Separated by 15 years from its predecessors, The Godfather - Part III (1990) arrived in theaters three decades ago. Its director, Francis Ford Coppola, states that his original intention was not to continue the story beyond the two parts made in 1972 and 1974, and that this new work emerged as an epilogue. While it isn’t narratively essential for the story, such finale manages to respect the integrity of the unit already established by its preceding films while also justifying its own existence.

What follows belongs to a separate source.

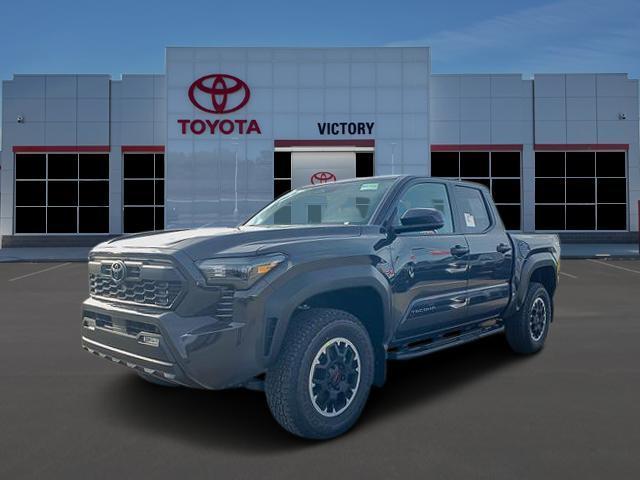 new 2025 Toyota Tacoma car, priced at $47,567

The movie portrays the fall of Michael, former leader of the Corleone criminal family, in his late years. Ill and tired of remaining involved in illegitimate businesses, he seeks to bond with his two children and ex-wife, from whom he is estranged. The ending (spoiler alert) delivers the definitive hit, as Michael loses his daughter (played by Sofia Coppola, daughter of the director, in a role with which, in a certain way, he hands her to world) in an attempt on his life as he exits the opera where his son debuts. What follows, a cinematic representation of Michael’s end, provides an understanding of death that transcends a definition from the factual and the figurative: being likewise alive and lifeless.

Paramount Pictures.

Michael’s resolution contrasts in its treatment with that of his daughter Mary. Hers, quick and sharp like the bullet that kills her, is followed closely by the film’s perspective, its movement being motivated by Mary falling to her knees. Michael’s, on the contrary, is born out of visual fragments of Mary’s relatives’ reactions to the tragedy before their eyes, structured by a general view of them at the stairs. Among these, a close and frontal frame of Michael becomes recurrent, as he ends up letting out a profound and prolonged scream, his relatives’ reactions being directed momentarily towards him.


Paramount Pictures.

The cinematic point of view leaves this scene in the long shot of the Corleone family, fallen by the stairs, and dissolves to an earlier moment in the film, where Mary and Michael dance during a celebration of the papal honors he receives from the Church. This image sets us in state of reunion between these two characters that have just been separated, without any new experiences ahead but only those already lived. This resonates as the wish of an agonizing Michael, with the notion of only being able to be together in memories or in a state of death.


Paramount Pictures.

Suddenly, a cut in the action takes us back to the first movie: now, Michael dances with his first wife, Apolonia, on the day of their wedding. This evocation has a double reading, as it brings a time in which Michael was happy, but also, one that ended with his wife’s death in an explosion planned for him. The match, reinforced by the continuity in the movement of the dance as one time period is switched for the other, makes a comparison between the two innocent victims inevitable. It is as if, more than a repetition, it was only one event and story.


Paramount Pictures.

A third time jump - matching in movement once more - returns us to the second movie, where Michael dances with Kay, his second wife and mother of his children, during their son Anthony’s first communion celebration. This step in the assembled sequence solidifies the pattern proposed by the previous two of women Michael loses in his life, with a difference: it isn’t death that separates them here, but Kay herself, leaving him when he stays in a life of crime. Furthermore, in spite of the bonding they go through in the final film, their daughter’s death seems to extinguish in them any hope of repairing their relationship.


Paramount Pictures.

Each of the frames depicted circles around the idea that it is there that Michael’s life ends, but the conclusion adds an antithesis to its formula. The film dissolves again, a transition distinct from the hard cuts of the previous moments and as such of a different order, as if the experience of the past came to an end and the action returned to the present. However, it isn’t the opera we come come back to, but Michael, much older and in solitude, by a garden. Sitting on a bench and crestfallen, the once Don lifts his gaze and, after putting his glasses on, collapses on the ground, inert.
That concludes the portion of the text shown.